Poor Fuel Management

Poor Fuel Management


I am the proud father of two wonderful children. I have a son which I am very proud of currently serving in the USMC and stationed across seas. He chose aviation as an area of service and is currently working on the helicopters. I also have a daughter which just turned 15 years old this past February. Just like most teens her age there is one major milestone on her mind, the automotive learner’s permit. After more then 25 years of driving some areas are you can say just 2nd nature to me but, when my daughter is behind the wheel I tend to be a little more apprehensive. I guess I can now understand how my flight instructor felt when he handed the yoke over to me for the 1st time.

Early on in my flight training an instructor once said to me “A new private pilot knows just enough to be dangerous, there’s a lot more to flying then just knowing how to land”.

One area of 2ndnature or rule of thumb if you will in aviation I hear pilots talking about is fuel management. Even I remember as a student pilot long before Duats or AOPA came along with there electronic flight planning program and I was being taught how to fill out a paper flight plan I was told to use a particular figure for the fuel burn on our Cessna 172 that I trained in.

Recently I attended a seminar entitled “Basic VFR flight planning” led by Matt Conway, Chief flight instructor with American Flyers in Atlanta, GA. Poor fuel calculations have claimed the lives of many people explains Matt, as pilots use the “Rule of thumb” to calculate fuel consumption for their flight.  Not a good idea he said!

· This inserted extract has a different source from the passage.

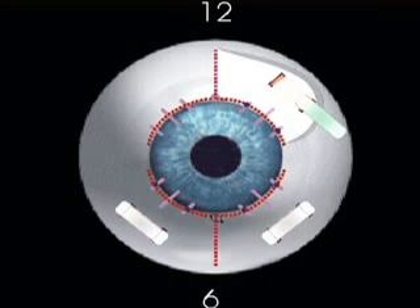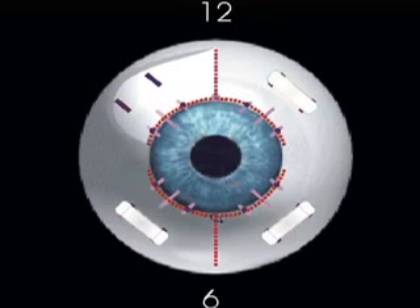Dr. Boxer-Walkler will solve that problem for Carolyn by placing four tiny implants right under the surface of her eye. What the implant does is reestablish this tension on the little ropes, reducing the slack so that when the muscles pull, it can then change the lens and flex it.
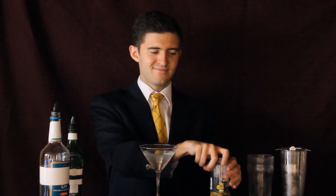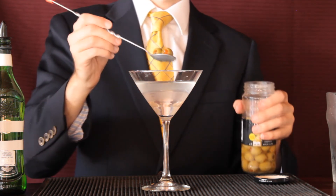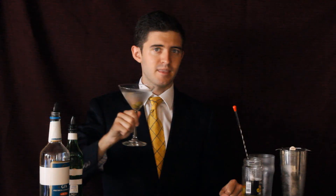Garnish your drink with an olive or two. And there you have a gin martini. I'm Andrew Bonds of Bonds' Bar, and you've just learned how to make a gin martini. Please drink responsibly. Now that's a good martini.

The round up figure may work for shorter flights but for longer cross country flights don’t take the chance. The Cessna Aircraft Co. recommends the following fuel calculation procedures. The following is an example of proper fuel calculations for the 1982 Cessna Skyhawk 172P.

Flight conditions:

Take off weight               2350 Pounds

Useable fuel                     40 gallons

Temp                                28º C

Field Pressure                   1500 feet

Wind (along runway)       12 knot head wind

Distance                            320 NM

Pressure alt                        5500 Feet

Temp                                 20º C

Wind enroute                   10 knot head wind

Power                               66%

True air speed                  112 knots

Cruise fuel flow                7.4 GPH


Fuel to climb                                                                                            1.6gal

Increase due to non standard temp                                                0.3gal

Corrected fuel to climb                                                                        1.9gal


Total distance                                                                                           320

Climb distance                                                                                         -12

Cruise distance                                                                                         308


(With 10 knot head wind)

True air speed                                                                                           112

Wind speed                                                                                                -10

Actual speed                                                                                             102                                  


308 Nautical Miles

102   Knots                                                                                               = 3.0 hours


45 minute reserve                                                                                  5.6 Gallon


Engine start, Taxi, and take off                                                           1.1

Climb                                                                                                           1.9

Cruise                                                                                                          22.2

Reserve                                                                                                      5.6

Total fuel required                                                                                30.8

Becoming relaxed in your preflight procedures can cost you more then time. Count the cost, spend the time and do it right regardless of your experience.